0
votes

Here is what I want to do:

  1. Generate class diagrams

  2. Import/open class diagrams in to a UML editor (e.g. ClassA with method Foo(), and ClassB)

  3. I can then create create new sequence diagrams manually by leveraging the data I imported from the class diagram (e.g. ClassB calls Foo() in ClassA)

How can I accomplish this?

1
Are you looking for "UML Round Trip Engineering"?S.Lott
What do you mean by "UML Round Trip Engineering"? Do you mean generating the diagrams back in to code? No that is not what I need. Just one way conversion: Java Code -> editable Class Diagram -> create new sequence diagram using Class Diagram data (without retyping the data in).TERACytE
@TERACytE: "diagrams back in to code? No that is not what I need". Please update the question to be very, very specific on what you need. Please update the question without writing lots of comments.S.Lott
Tools that support round-trip engineering are what you're after (you don't have to use the whole trip round, of course!) but I've never really found one that I thought was truly satisfactory on a realistic codebase. YMMV of course.Donal Fellows
And I think you removed a bit too much description; the background text is actually useful as a preamble.Donal Fellows

1 Answers

1
votes

Enterprise Architect by Sparx can generate sequence diagrams for you, but it means running the code inside the UML tool.

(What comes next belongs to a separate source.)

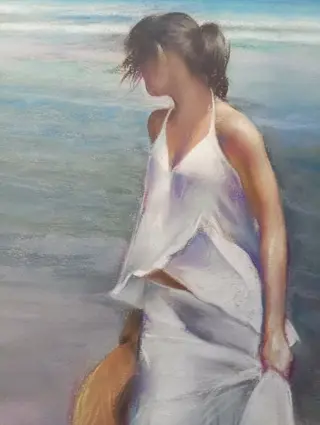 Domingo Alvarez Gomez (1942) - Muchacha en la playa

Just about every tool I know of can generate class diagrams for you, of varying fidelity, but sequence diagrams are another animal. You have to tell it where the flows start. I don't see how a tool will read your mind. Doubly so if there's a UI involved. You don't have every JSP in a web app represented as UML, do you? What if you're just using straight HTML pages and no JSPs?

Personally, I don't find sequence diagrams to be all that useful. They lose their value once they exceed a certain level of complexity, as do all diagrams.

UPDATE: If EA is too pricey for you, I'd recommend JUDE (now Astah). The community edition used to be quite good - it even did Java import and diagram generation. Now I see that it's been stripped of that capability. A professional license for Astah is still only $280.